At the end of the day, Colorado gets its festival, and so do the 17,000 or so fans – at least for now. The future is uncertain for returning festivals – and could also be for other events that might raise the ire of the local yokels. It seems damned short-sighted, and a sad state of affairs, honestly.

 

Michael Petryshyn’s  full statement (with some additional advice from Crass):

Statement Regarding Riot Fest & Sideshow in Denver, Colorado

Before I begin what will probably be a long-winded concerto of a statement, it has to be stated with deafening clarity that we wanted to make Byers, Colorado our home for Riot Fest for years to come.   It’s a community we care about tremendously, just like Humboldt Park, in Chicago and just to pack up and watch the town disappear in our rear window is not an option.

In just over a year, we became part of the May Family and Gary, Stacie and their children became part of ours… the relationship is beyond normal kinship. And, I wish I wasn’t hunting for words in describing the bond between our two families — a perfectly succinct account for the fans. But, it’s hard enough writing about the Mays and the deeper I dig to find words, the harder it becomes to explain.   There’s no defense mechanism for this one to hide or bury inside a wrinkle… I’m just tremendously sad.

At the same time, I am utterly incensed.   Elementary ideological forces and manipulation veiled in contradictory legal jargon prevented us from coming back to May Farms this year.   Simply, we were duped.  Certain groups, residents and so forth did not want YOU or US in their town, and there is something morally dishonest and unforgiveable with their actions.  Sean and I, along with our partners at Soda Jerk Presents, have been mum throughout this entire ordeal, but that will stop today.  We have officially filed an appeal with Arapahoe County as of this morning and, needless to say, we are doing this because we are in the right.  I cannot fathom that in 2014 certain social mores grounded in revulsion and irrationality, of course, by a limited howling few, can inflict such harm in a town or in a county.  It’s disgusting and these people should feel ashamed.  I will refrain from commenting any more on these matters, but, with complete conviction and certitude, more will come to light and all fans will know what precisely transpired.

To continue, we were essentially tossed out of Byers and after visiting several sites during our week here, we decided on Mile High.

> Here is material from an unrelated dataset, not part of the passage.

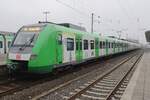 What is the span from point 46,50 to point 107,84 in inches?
127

After much thought about the pros and cons about moving to the stadium versus other venues, the fact that the stadium is willing to allow us to transform their grounds and recreate Byers and May Farms swayed our decision.There are hundreds of agricultural towns across the U.S. who are struggling for survival, dismissed by their neighbors and political representatives at a state and federal level. There is no glossing this over… Byers is not an economically robust town.  In parts, it’s certainly poor.  And would Riot Fest be the end-all-be-all to save this town economically?  Of course not.  This takes multiple businesses and forward thinkers to take this kind of risk.  We were up for that risk, because it’s evident we’d sell more tickets in Denver proper.  But that’s not what Riot Fest is…. And it never will be.  People thought we were crazy for choosing Humboldt Park in Chicago, but we knew we were right.  Fast-forward three-years later, Humboldt is fast becoming its own economic engine … and we are proud to be a part of that rehabilitation.   The thing is that we never wanted to change ideological mindsets in Byers – that’s not our job and no side will ever win.  However, we whole-heartedly believed that we could have been a preamble for growth, and, in turn, help the town be heard for real and legitimate concerns: infrastructure.

Now, to the Riot fan base.  I’m sorry for all of this and I thank you for standing alongside us.  Sean and I, along with our partners at Soda Jerk Presents,will be forever grateful to all of you.  And even after the curtain closes this year, I know I will look back on these last few weeks and smile because our Riot fans stood alongside us.  The biggest apology to the fans goes to the people who were planning on or purchased camping.  Obviously, camping refunds will be processed today, but, I know that isn’t enough and neither is an apology.  You guys, above everyone, bought into Riot Fest and the experience we were providing in Colorado.  I will find a way to make this up to you in the next few weeks. I promise.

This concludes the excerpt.